In Psalm 139 God’s omnipresence, omniscience, and omnipotence are all sources of great delight for the Psalmist. There is nowhere we can go, nothing we can experience, to find ourselves beyond the reach of God’s protective hand. But in the prophet Amos, these attributes of God strike the exact opposite reaction. They strike terror. In Amos 9, we learn that there is nowhere we can go to get beyond the reach of God’s wrath. Read Psalm 139, especially verses 7-12. Then consider Amos 9:2:
If they dig into Sheol,
from there shall my hand take them;
if they climb up to heaven,
from there I will bring them down (ESV).
What is a source of comfort in Psalm 139 becomes a source of boot-shaking and knee-knocking fear in Amos 9. Amos even adds this chilling point a few verses later in 9:5: “The Lord God of Hosts, he who touches the earth and it melts” (ESV).
Those of us who have been reconciled to God through the sacrifice of Christ on our behalf know what joy and comfort there is to be found in God. In the Psalmist’s words, “How precious to me are your thoughts, O God! How vast is the sum of them!” (Ps. 139:17). We like these kinds of passages. We need Psalm 139 and we do well to return to it often.
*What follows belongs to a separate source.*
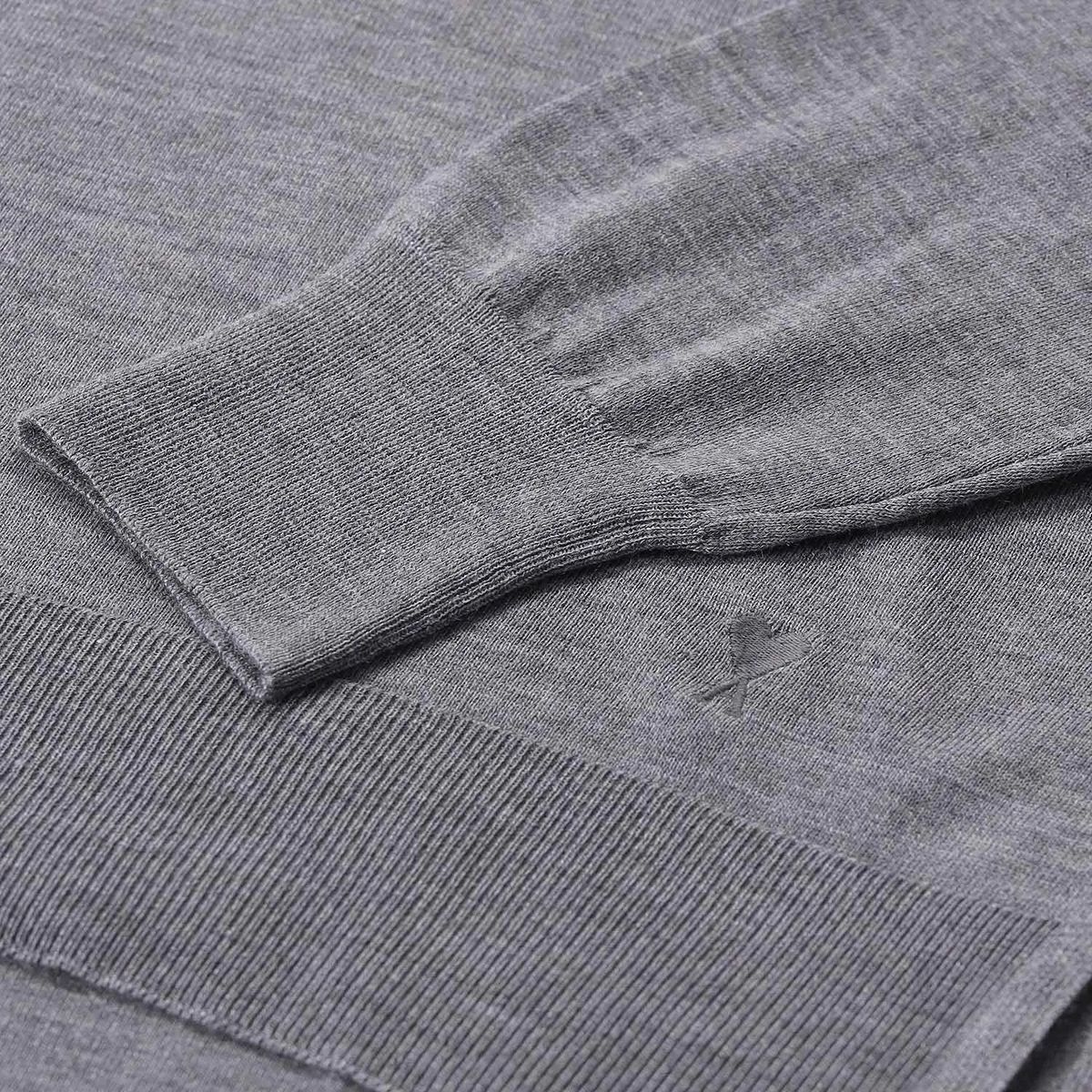 Pullover aus Woll-Seide-Gemisch mit Relaxed Fit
But we also need to return to Amos 9. It is every bit as much a revelation of who God is. We can’t photoshop out texts like Amos 9 in our portrait of God.
The Bible offers a complex, full-orbed view of God. And though this full-orbed view of God is sometimes difficult for us to put together, it is exactly how God has revealed himself. We do ourselves no favors, and we do God no favor, by airbrushing the picture.
The Bible offers a complex, full-orbed view of God.